#### Activity
In the material below, find the span from the line with "second hand/new: Volkswagen" to the line with "Coal City Shampoo/Balsamo Pantene offerta" and transcribe only those lines, exactly, ends included, without the pictures.

#### Stored data
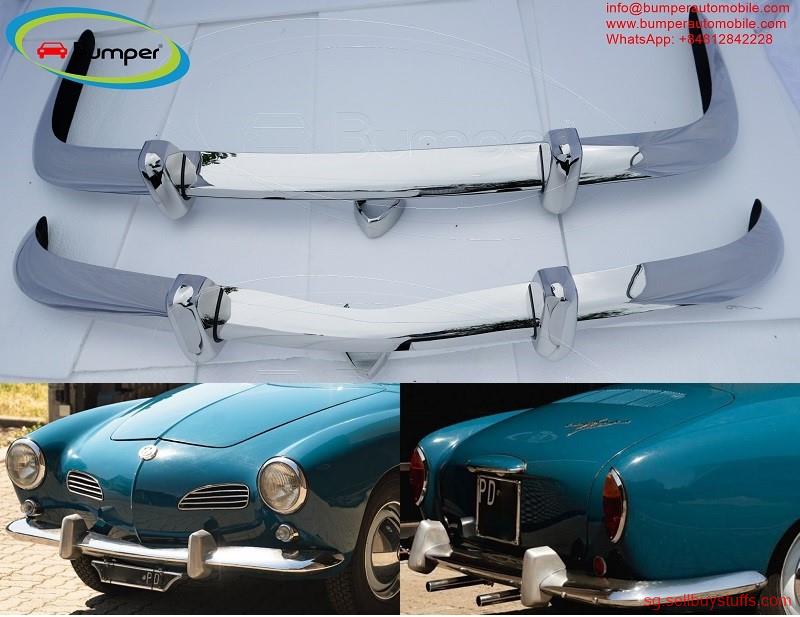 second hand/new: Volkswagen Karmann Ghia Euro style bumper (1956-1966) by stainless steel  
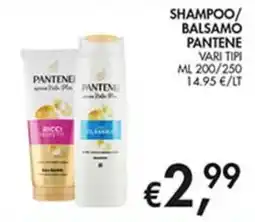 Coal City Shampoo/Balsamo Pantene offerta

--

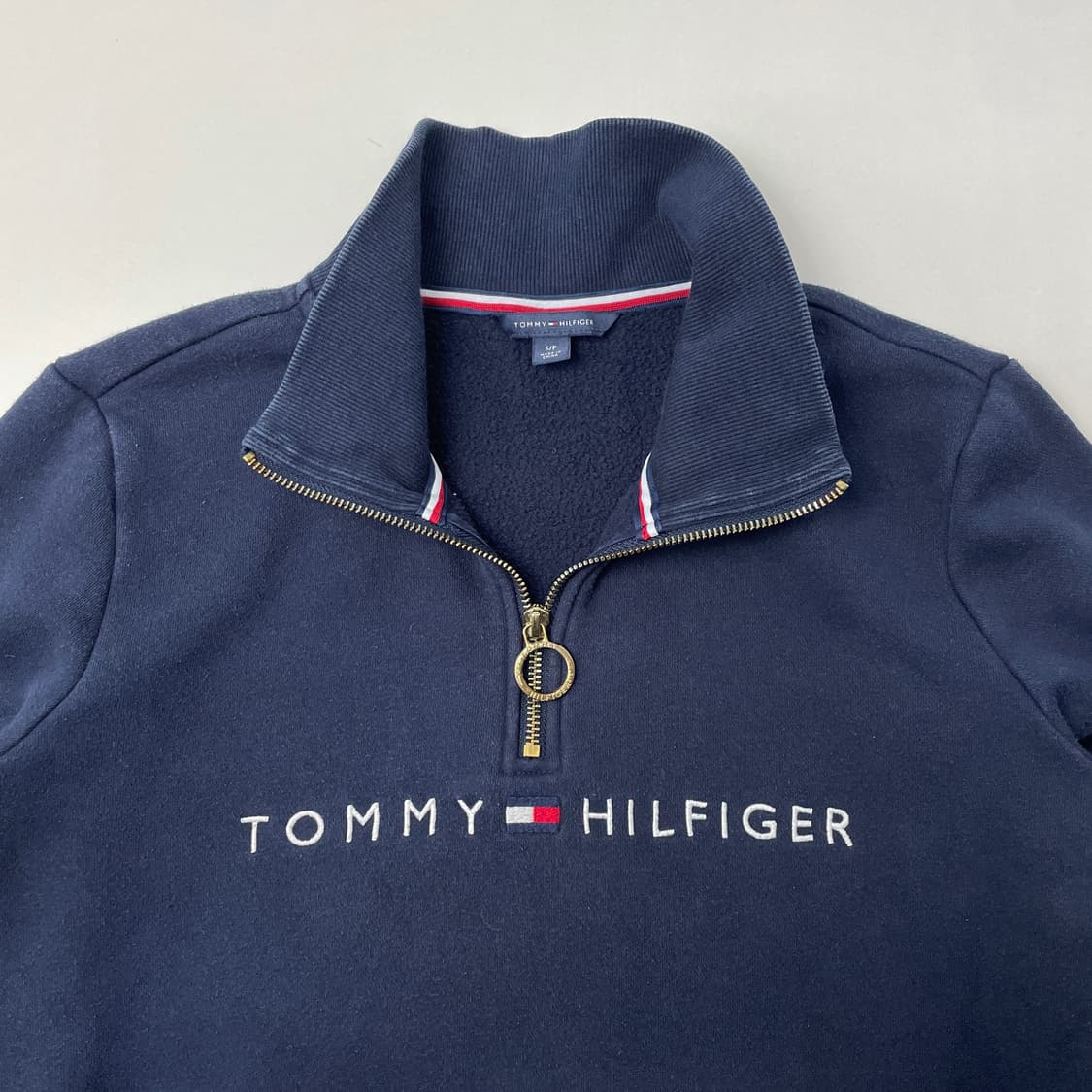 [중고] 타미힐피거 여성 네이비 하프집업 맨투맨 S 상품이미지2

#### The completed task
 second hand/new: Volkswagen Karmann Ghia Euro style bumper (1956-1966) by stainless steel  
 Coal City Shampoo/Balsamo Pantene offerta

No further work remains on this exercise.